Net income for each of the years ended December 31, 2008 and 2007 was adjusted by the same one-off items which affected the Adjusted EBITDA for the respective periods. In addition, net income for the year ended December 31, 2008 was affected by a $57.2 million write-off of deferred Belgian taxes. Ignoring the effect of these one-off items, adjusted net income for the year ended December 31, 2008 and 2007 was $45.8 million and $103.5 million, respectively. The decrease in adjusted net income by $57.7 million was mainly affected by a $32.4 million decrease in Adjusted EBITDA, a $25.2 million increase in depreciation and amortization expense mainly due to the purchase price allocation from the acquisition of Horamar, a $3.1 million decrease in interest income, a $0.2 million increase in amortization of deferred dry dock and special survey costs and a $2.1 million increase in share-based compensation expense. This unfavorable variance was mitigated by a $3.3 million decrease in income taxes and a $2.0 million decrease in interest expenses.
Time Charter Coverage:
Navios Holdings has extended its long-term fleet employment by entering into agreements to charter out vessels for periods ranging from one to ten years. As of February 18, 2008, Navios Holdings has contracted 85.5%, 65.0%, 52.1% and 44.7% of its available days on a charter-out basis for 2009, 2010, 2011 and 2012, respectively, equivalent to $237.5 million, $269.8 million, $235.4 million and $207.6 million in revenue, respectively. The average contractual daily charter-out rate for the core fleet is $27,624, $33,894, $36,052 and $36,407 for 2009, 2010, 2011 and 2012, respectively. The average daily charter-in rate for the active long term charter-in vessels for 2009 is $9,953.

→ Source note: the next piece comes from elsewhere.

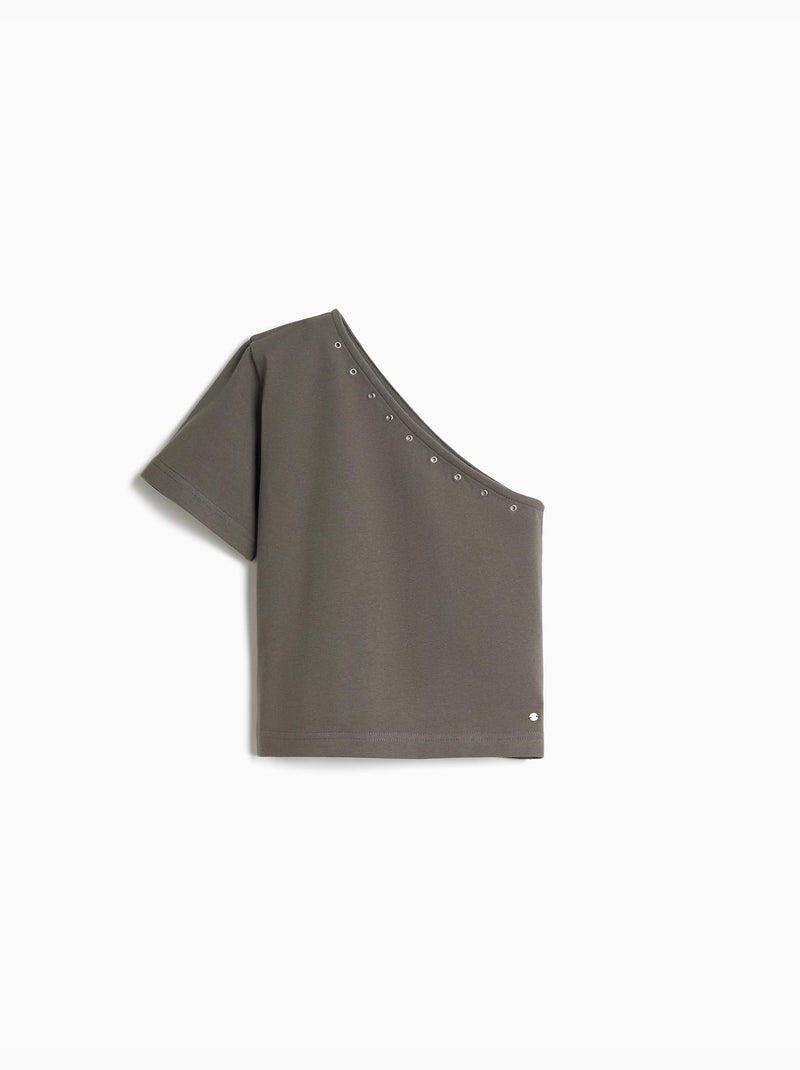 T-shirt asymétrique, MO Fashion Gris - Kiabi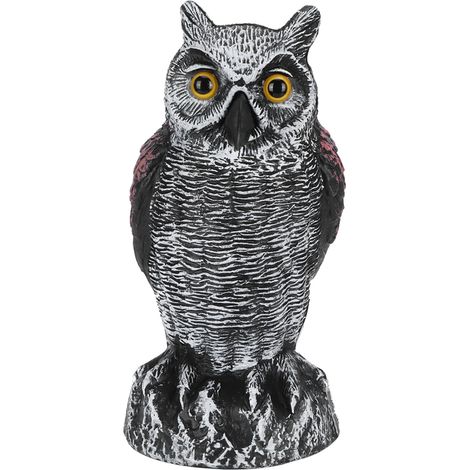 Faux Simulation Hibou Statue Décoration Extérieur Jardin Plastique Répulsif Chasse Decoy10201. (1/5)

The above figures do not include vessels servicing the COA business.
Purchase Options:
Navios Holdings has options to acquire four of the 17 chartered-in vessels currently in operation within the next two years (two Ultra-Handymaxes, one Panamax and one Capesize) and eight of the 11 long-term chartered-in vessels on order (on two of the 12 purchase options Navios Holdings holds a 50% initial purchase option).
Fleet Summary Data:
The following table reflects certain key indicators indicative of the performance of the Navios Holdings and its fleet performance for the fourth quarter and year ended December 31, 2008 and 2007.
Three Months Ended Year Ended
December 31, December 31, December 31, December 31,
2008 2007 2008 2007
Available Days (1) 4,910 6,094 22,817 19,219
Operating Days (2) 4,894 6,082 22,745 19,198
Fleet Utilization (3) 99.7% 99.8% 99.7% 99.9%
Time Charter
Equivalent
including FFAs (4) $35,995 $43,444 $46,278 $32,216
Time Charter
Equivalent
excluding FFAs (4) $36,088 $42,447 $45,566 $30,843
(1) Available days for fleet are total calendar days the vessels were in Navios Holdings' possession for the relevant period after subtracting off-hire days associated with major repairs, drydocks or special surveys. The shipping industry uses available days to measure the number of days in a relevant period during which vessels should be capable of generating revenues.

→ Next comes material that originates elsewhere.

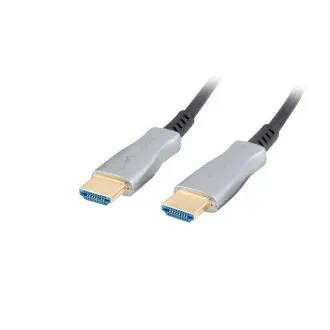 LANBERG Aktivni optični kabel visoke hitrosti z Ethernetom 2.0, 4K@60Hz, M/M, dolžina 30 m, črn, pozlačeni konektorji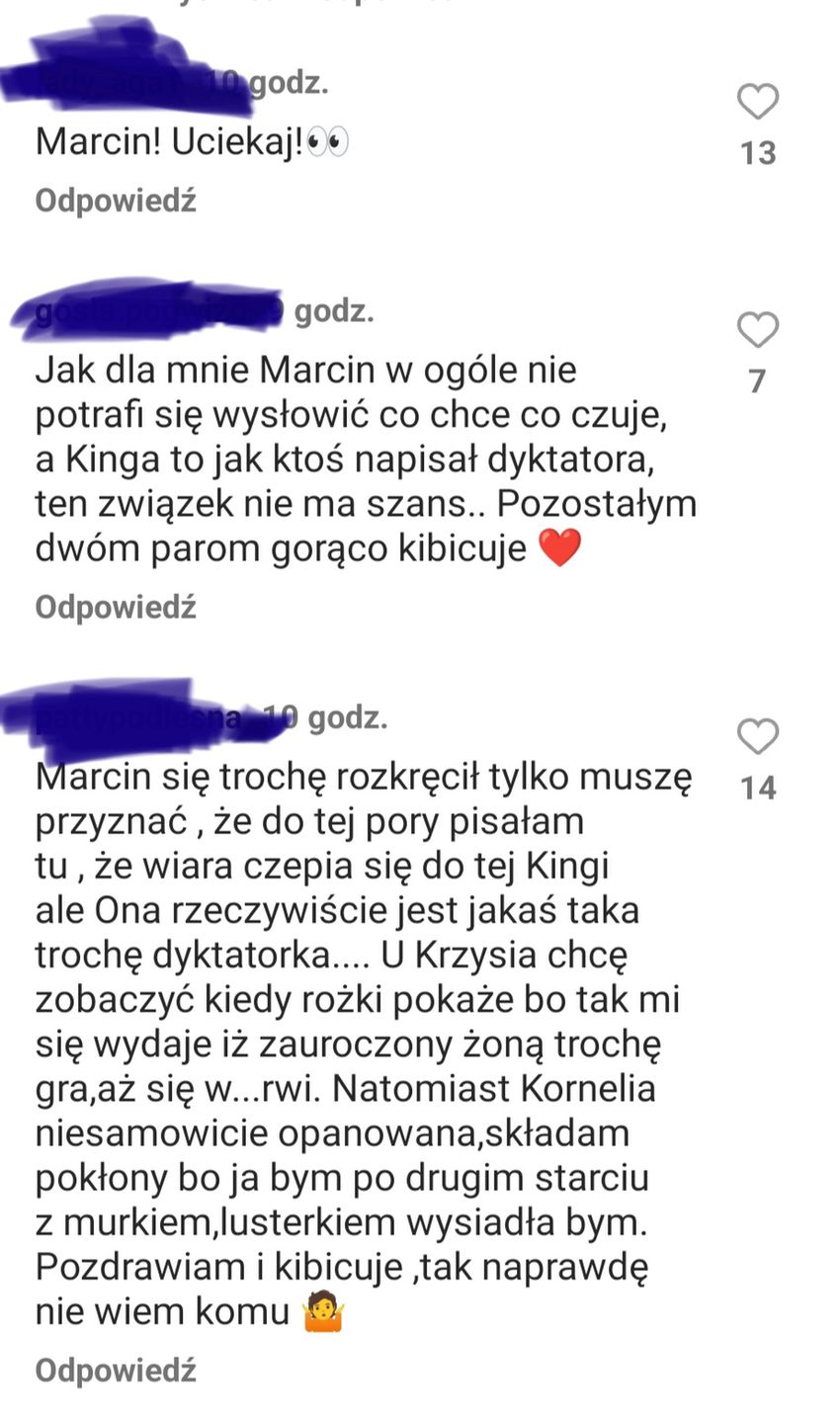 Komentarze po programie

(2) Operating days is the number of available days in the relevant period less the aggregate number of days that the vessels are off-hire due to any reason, including unforeseen circumstances. The shipping industry uses operating days to measure the aggregate number of days in a relevant period during which vessels actually generate revenues.
(3) Fleet utilization is the percentage of time that Navios Holdings' vessels were available for revenue generating available days, and is determined by dividing the number of operating days during a relevant period by the number of available days during that period. The shipping industry uses fleet utilization to measure a company's efficiency in finding suitable employment for its vessels.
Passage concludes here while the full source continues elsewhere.